A Reentry Permit is a travel document that looks similar to a passport and can function like a passport. Lawful permanent residents or conditional permanent residents who plan to travel outside the United States for more than one year, but less than two years, may apply for a Reentry Permit.
It’s a multiple use travel document, meaning that it can be used several times (during the valid period) to reenter the United States.
File Form I-131, Application for Travel Document, from within the United States to apply for a permit.
How a Reentry Permit Helps
A Reentry Permit has two basic functions:
- The travel document allows a U.S. permanent resident to reenter the United States after traveling abroad for longer than one year but less than two years.
- It also can serve like a passport for a U.S. permanent resident if he/she has no passport and cannot obtain it from the country of his/her nationality.

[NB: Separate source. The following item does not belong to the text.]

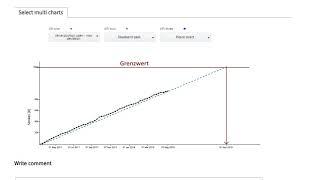 Valve Monitoring and Optimization: alle Ventile im Blick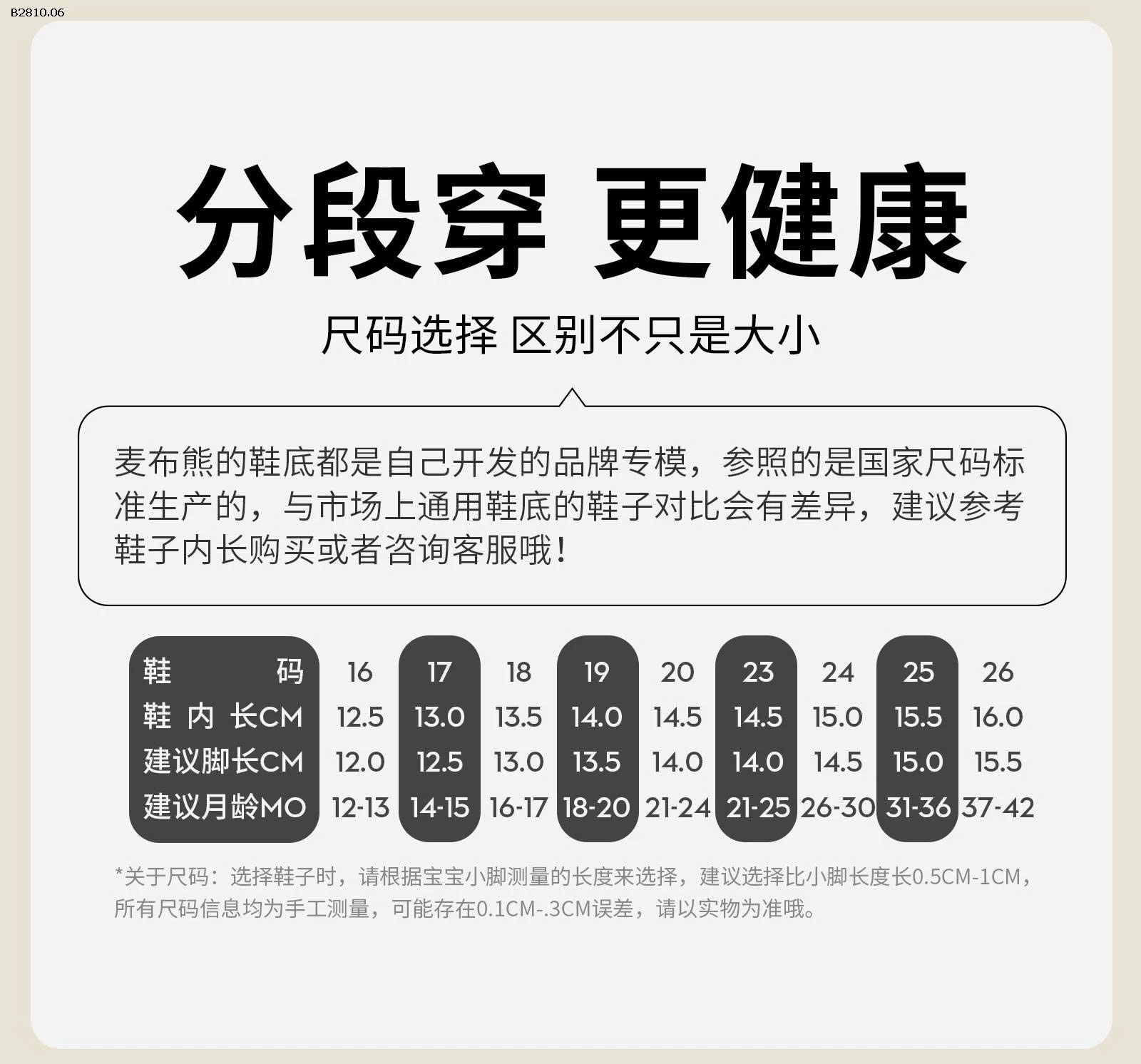 Giày trẻ em Maibu Bear Baby đế mềm - giá si  size : 16-20 : 265k  size : 23-26 : 305k 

Without a Reentry Permit, a permanent resident that is outside the country for more than a year will most likely be denied reentry into the U.S. on the ground that he/she has abandoned his or her permanent resident status. After a one year absence from the United States, a green card is not valid for reentry. The permit is intended to prevent this problem.
RECOMMENDED: Benefits of a Reentry Permit for Permanent Residents
Application for Reentry Permit
To obtain a Reentry Permit, the applicant should file Form I-131, Application for Travel Document. You must file Form I-131 while you are physically present in the United States. It will generally take at least 90 days for USCIS to approve the request. Expedited processing may be available for certain applicants.
Period of Validity
In general, a Reentry Permit issued to a permanent resident is valid for two years from the date of issuance. However, the period of validity can vary for certain permanent residents with extensive time outside the country as well as conditional residents.
USCIS will not renew or extend Reentry Permits. If your permit expires, you’ll need to apply for a new one. For security reasons, USCIS will not issue a new permit to someone who already has a valid one in his or her possession. If you have a valid permit in your possession, you will need to send it in when you apply for a new one. You do not need to send in an expired permit.
If your circumstances force you to be outside the United States for extended periods of time, seek advice from an immigration lawyer that can analyze your specific situation and recommend how to maintain your permanent residence.
Not a Cure All
Obtaining a Reentry Permit doesn’t make a permanent resident “immune” from abandonment issues. Even with this travel document, permanent residents can be at risk of losing permanent resident status through abandonment. Permanent residents must continue to maintain ties to the United States and the travel must be temporary in nature.
RECOMMENDED: Green Card Abandonment: Risks of Travel Abroad
Even with a Reentry Permit, a permanent resident’s absence of more than 180 days from the United States may disrupt the 5-year continuous residence requirement for naturalization. Instead, some permanent residents may be eligible to file Form N-470, Application to Preserve Residence for Naturalization Purposes. Use this form if you are a lawful permanent resident who must leave the United States for a period of one year or longer for certain employment purposes and you want to preserve your status as an immigrant in order to pursue naturalization.